> AVAILABLE DATA
----------

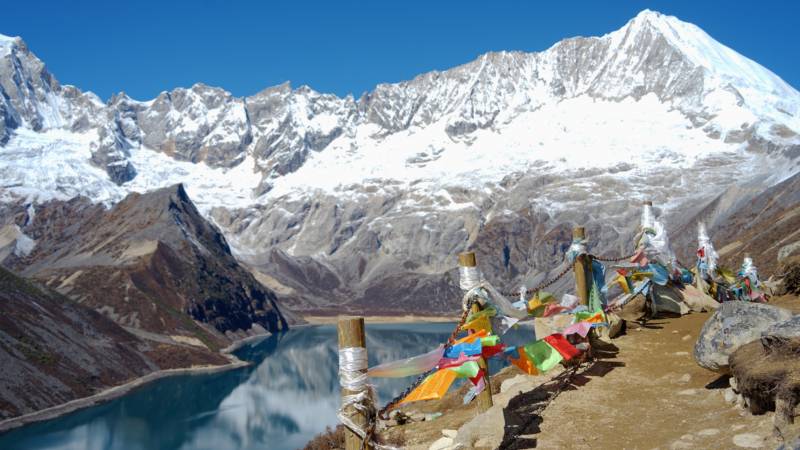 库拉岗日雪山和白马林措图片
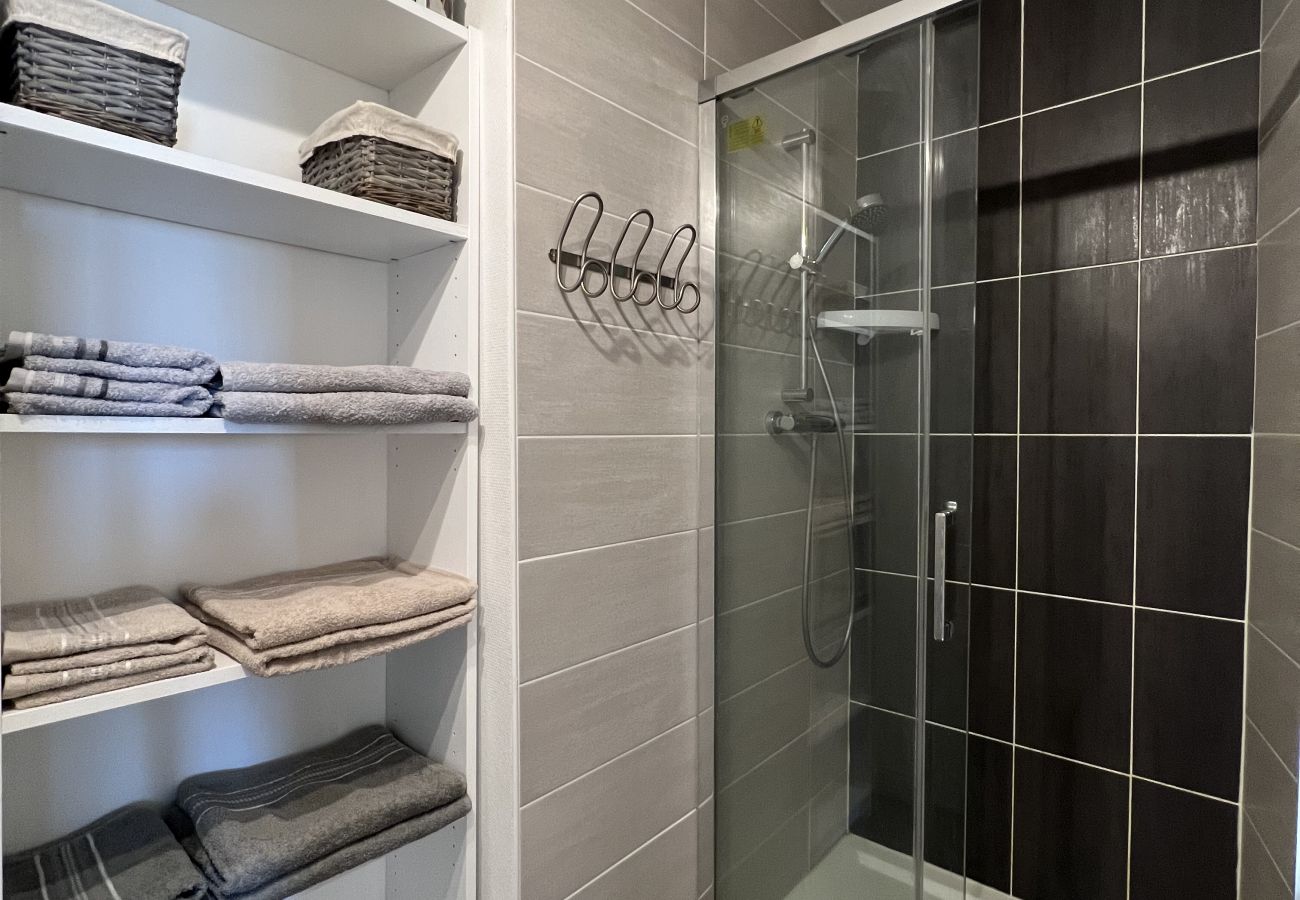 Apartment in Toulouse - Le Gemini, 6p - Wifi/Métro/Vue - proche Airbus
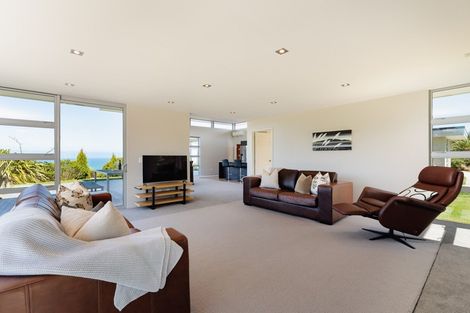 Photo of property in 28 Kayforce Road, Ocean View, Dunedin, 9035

----------

> EXERCISE BRIEF
Your answer should be the lines above from the one that contains "Apartment in Toulouse" through the last, set down exactly, with the pictures removed.

> OUTPUT FOR THIS TASK
 Apartment in Toulouse - Le Gemini, 6p - Wifi/Métro/Vue - proche Airbus
 Photo of property in 28 Kayforce Road, Ocean View, Dunedin, 9035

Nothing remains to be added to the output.